# Seite validieren



## marcoX (21. April 2005)

Hallo,

was bedeutet folgendes, wenn ich meine Page vom lokalen Rechner uploade und checken lasse:
*
Sorry, I am unable to validate this document because its content type is application/x-php, which is not currently supported by this service.

The Content-Type field is sent by your web server (or web browser if you use the file upload interface) and depends on its configuration. Commonly, web servers will have a mapping of filename extensions (such as ".html") to MIME Content-Type values (such as text/html).

That you recieved this message can mean that your server is not configured correctly, that your file does not have the correct filename extension, or that you are attempting to validate a file type that we do not support yet.

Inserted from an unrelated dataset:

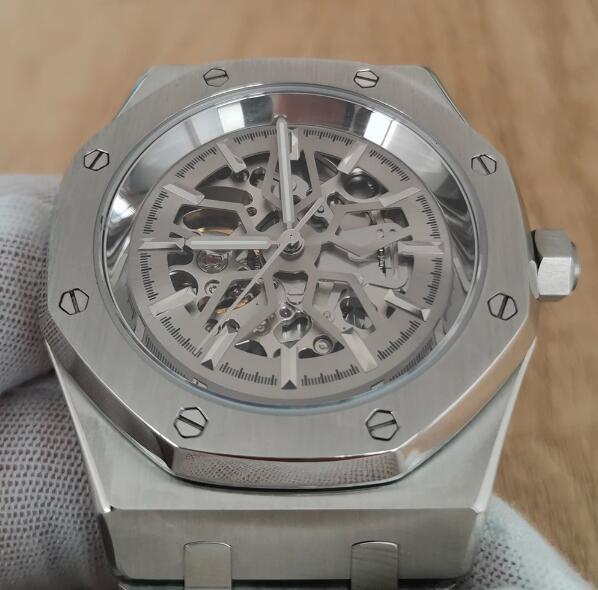 Men's mechanical watch with a 41mm hollow dial and stainless steel case paired with a brand new NH70 movement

In the latter case you should let us know that you need us to support that content type (please include all relevant details, including the URL to the standards document defining the content type) using the instructions on the Feedback Page.*

http://validator.w3.org/check

Bitte entschuldigt, aber ich kann nicht so gut englisch!

Wenn ich aber die selbe Page auf *http://www.validome.org/* validieren lasse wird geschrieben:*
 Das Dokument "index.php" wurde anhand der DTD http://www.w3.org/TR/html4/strict.dtd  erfolgreich validiert.*

Ist das nicht komisch?

Marco


----------



## Gumbo (21. April 2005)

Was soll daran komisch sein? Zwei unterschiedliche Anbieter, zwei unterschiedliche Voraussetzungen, zwei unterschiedliche Ergebnisse.
Dein MIME-Typ wird vom W3C Markup Validation Service nicht akzeptiert.


----------



## Dr Dau (21. April 2005)

Hallo!

Da es ein PHP-Script ist und PHP Serverseitig ausgeführt wird, kann das W3C das Script nicht prüfen.
Sofern dein lokaler Rechner kein Server mit PHP unterstützung ist und von aussen nicht erreichbar ist, musst Du das Script auf ein Webspace uploaden welcher PHP unterstützt und von dort aus durch den Validator jagen.

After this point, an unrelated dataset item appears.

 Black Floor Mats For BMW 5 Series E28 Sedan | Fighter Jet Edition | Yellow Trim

Folgendes solltest auch Du verstehen können (da steht zu recht nichts von PHP):


> W3C MarkUp Validator
> Description HTML, XHTML, MathML and SVG markup validation service. Works on online files and local files (upload)


Gruss Dr Dau


----------



## marcoX (21. April 2005)

Vielen Dank für Eure Antworten!


> Zwei unterschiedliche Anbieter, zwei unterschiedliche Voraussetzungen, zwei unterschiedliche Ergebnisse.

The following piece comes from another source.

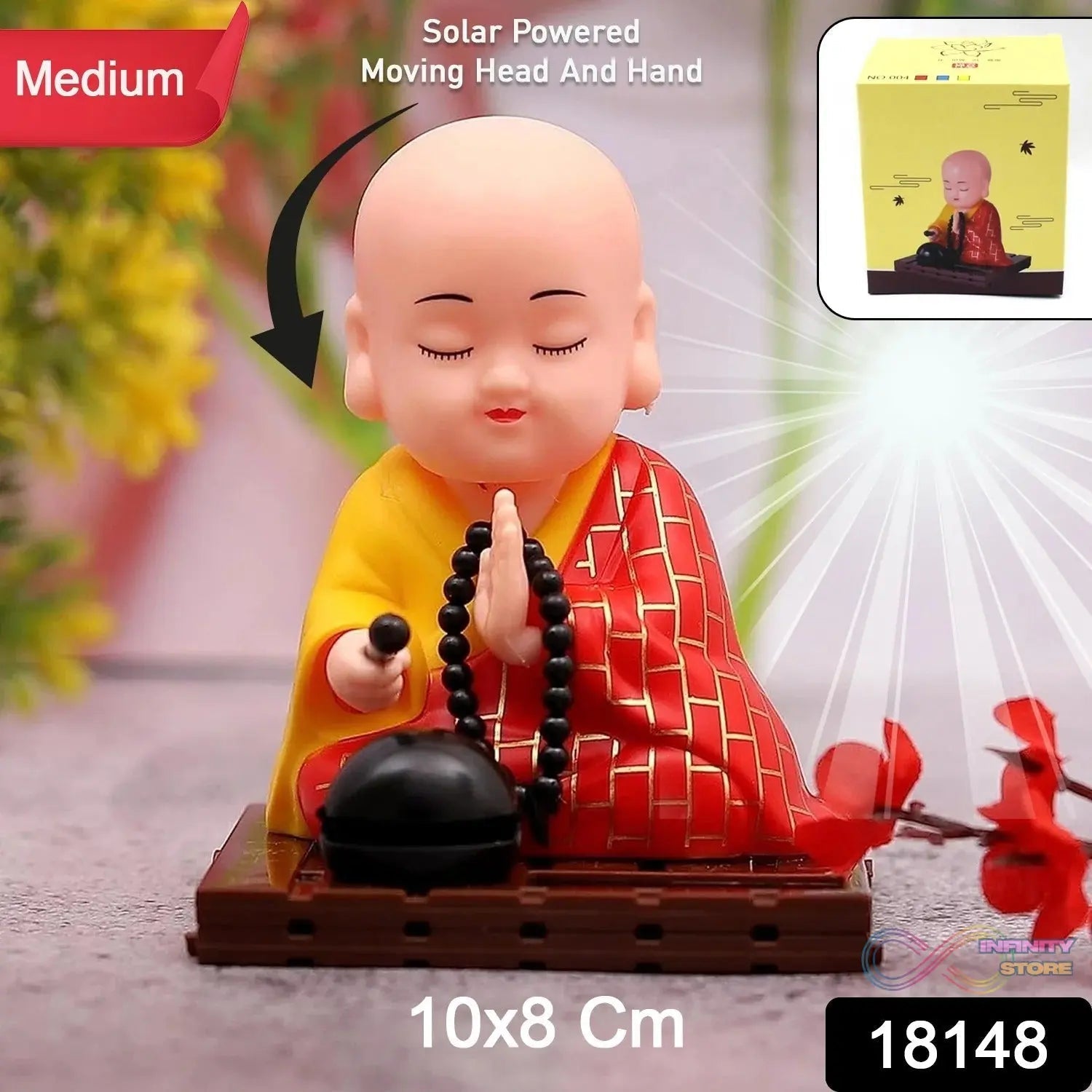 Solar Powered Sitting Buddha Statue, Moving Head and Hand (1 Pc / Medium) - infinityexculsivestore.com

Na das ist aber super! Ich dachte validieren ist einheitlich?


----------



## Dr Dau (21. April 2005)

Vom Prinzip schon, sofern man sich an die Vorgaben hällt.
Und die gibt nunmal das W3C vor.
Auf andere würde ich mich nicht verlassen.

Gruss Dr Dau


----------



## son gohan (21. April 2005)

Hallo,

wegen dem validieren und dem php Script, nimm doch einfach das Script raus bevor du die Seite von deinem Rechner aus validieren willst, dann brauchst du nicht extra erst alles auf den Server zu laden.


----------



## Dr Dau (21. April 2005)

Hallo!



			
				feh hat gesagt.:
			
		

> Hallo,
> 
> wegen dem validieren und dem php Script, nimm doch einfach das Script raus bevor du die Seite von deinem Rechner aus validieren willst, dann brauchst du nicht extra erst alles auf den Server zu laden.


Davon ist abzuraten.
Denn wenn per PHP HTML-Code in die Seite eingefügt wird, könnte die eigentliche Seite zwar valide sein, aber dass durch PHP generierte nicht.
Und somit währe die validierung hinfällig..... um nicht zu sagen, überflüssig.

Gruss Dr Dau


----------



## son gohan (22. April 2005)

Halli Hallo Hallöchen,

also wenn es sich um das PHP Code Stückchen von Thomas Scholz handelt, dann kann man auch genauso gut kurz mal die XML-Deklaration so einfügen und vom Rechner aus validieren. 

Wenn man nicht genau weis was das PHP Code im eigenen Quelltext erzeugt dann doch lieber per Server.

gruß
feh


----------